The "nodes" property needs at least one node specified and should point to one of your CoreOS nodes. You could also list each of your three nodes here so that if confd isn't able to reach one, it will try one of the others.

Also a thing to note is the "interval" value. Here we're telling confd to poll etcd for changes every 20 seconds.

Now lets look at the HAProxy specific config located at /etc/confd/conf.d/haproxy.toml

[template]
src = "haproxy.cfg.tmpl"
dest = "/etc/haproxy/haproxy.cfg"
keys = [
        "/app/your_awesome_app"
]
reload_cmd = "echo restarting && /usr/bin/systemctl reload haproxy"

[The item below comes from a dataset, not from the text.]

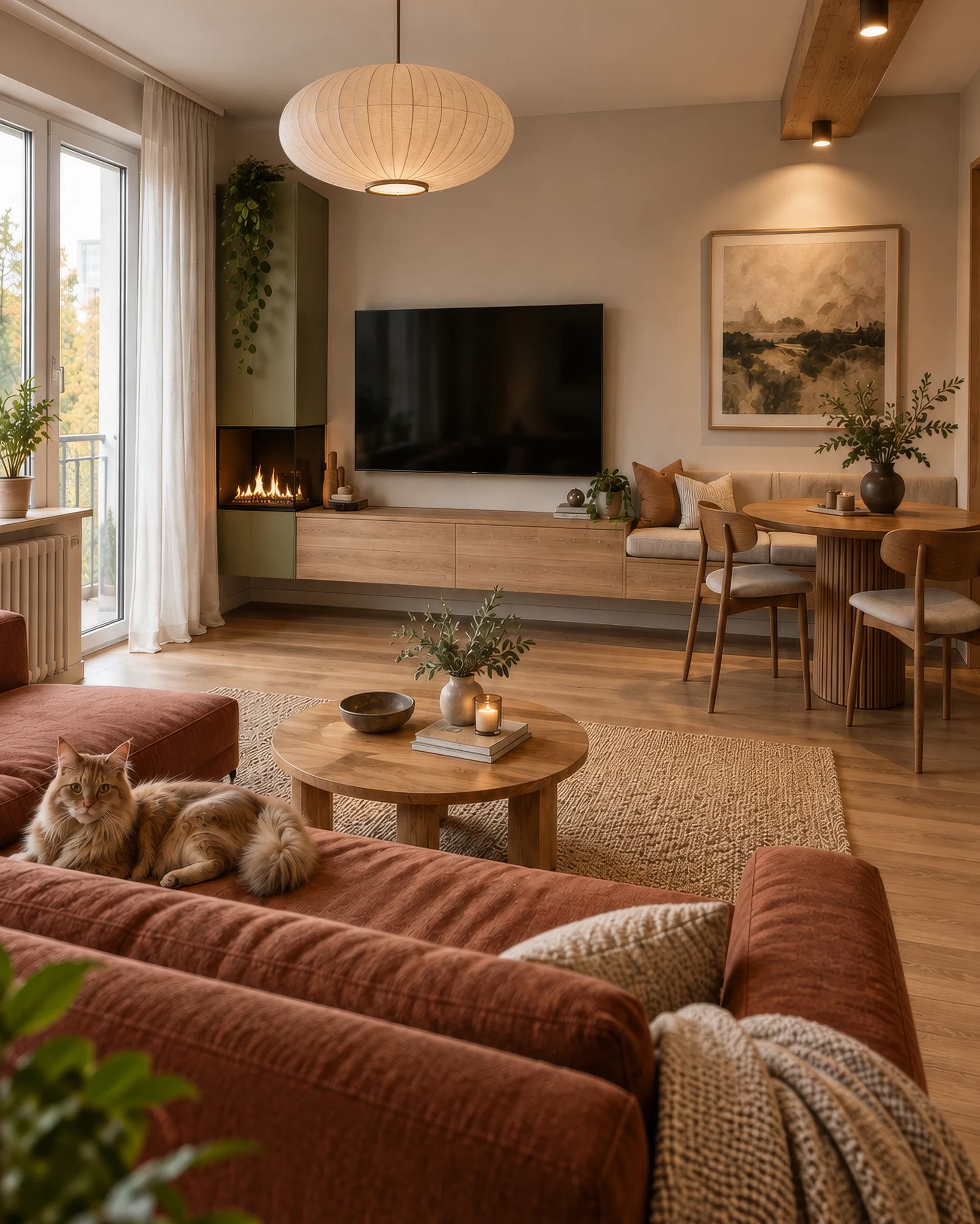 Obývačka s jedálenským kútikom | Small Space, Smart Living — Obývačka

The "keys" attribute lists the various keys within etcd we want confd to monitor. When we launch our app on our CoreOS cluster, each unit file will register itself with etcd by creating a key in the /app/your_awesome_app directory that contains information to insert into the HAProxy config (it's IP address and port to forward traffic to).

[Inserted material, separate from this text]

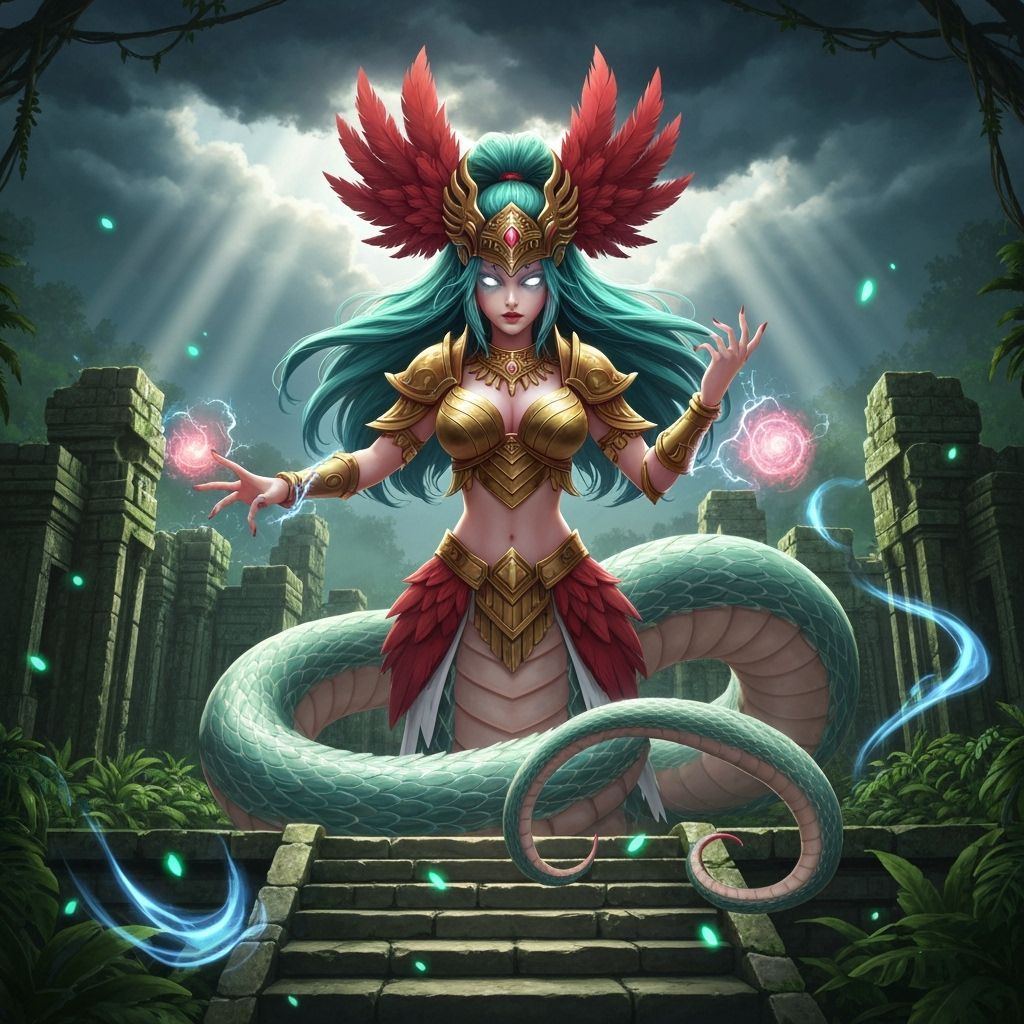 Fierce Naga Warrior atop Jungle Temple Ruins in Anime Style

The "reload_cmd" attribute is an optional command that confd can run whenever it writes a change to your config. Here we're

Now lets take a look at what the HAProxy template will look like (/etc/confd/templates/haproxy.cfg.tmpl)

global
    log 127.0.0.1    local0
    log 127.0.0.1    local1 notice
    maxconn 4096
    user haproxy
    group haproxy
    daemon
    stats socket /var/run/haproxy.sock mode 600 level admin    

defaults
    log    global
    mode    http
    option    httplog
    option    dontlognull
    retries    3
    option redispatch
    maxconn    2000
    contimeout    5000
    clitimeout    50000
    srvtimeout    50000
    option forwardfor
    option http-server-close

frontend stats
    bind *:8888
    stats enable
    stats uri /

frontend http-in
    bind *:80
    default_backend application-backend

backend application-backend
    balance leastconn
    option httpclose
    option forwardfor
    cookie JSESSIONID prefix

    {{range getvs "/app/your_awesome_app*"}}
    server {{.}} cookie A check
    {{end}}

Most of this is boilerplate from the default HAProxy config, so the sections we want to look are the frontend and backend at the bottom.

frontend http-in
    bind *:80
    default_backend application-backend

backend application-backend
    balance leastconn
    option httpclose
    option forwardfor
    cookie JSESSIONID prefix

    {{range getvs "/app/your_awesome_app*"}}
    server {{.}} cookie A check
    {{end}}

With our frontend, we're accepting all traffic on port 80 and sending it to the "application-backend". Here we have some Go templates (confd is written in Go; this template will loop over the keys in the etcd directory we defined and print out their value. (You can find more template examples here in the confd docs)

Running confd using systemd

Since we need confd to constantly be monitoring etcd, we're going to use systemd to manage it. This way, if confd crashes or if the machine restarts, confd will always come back up.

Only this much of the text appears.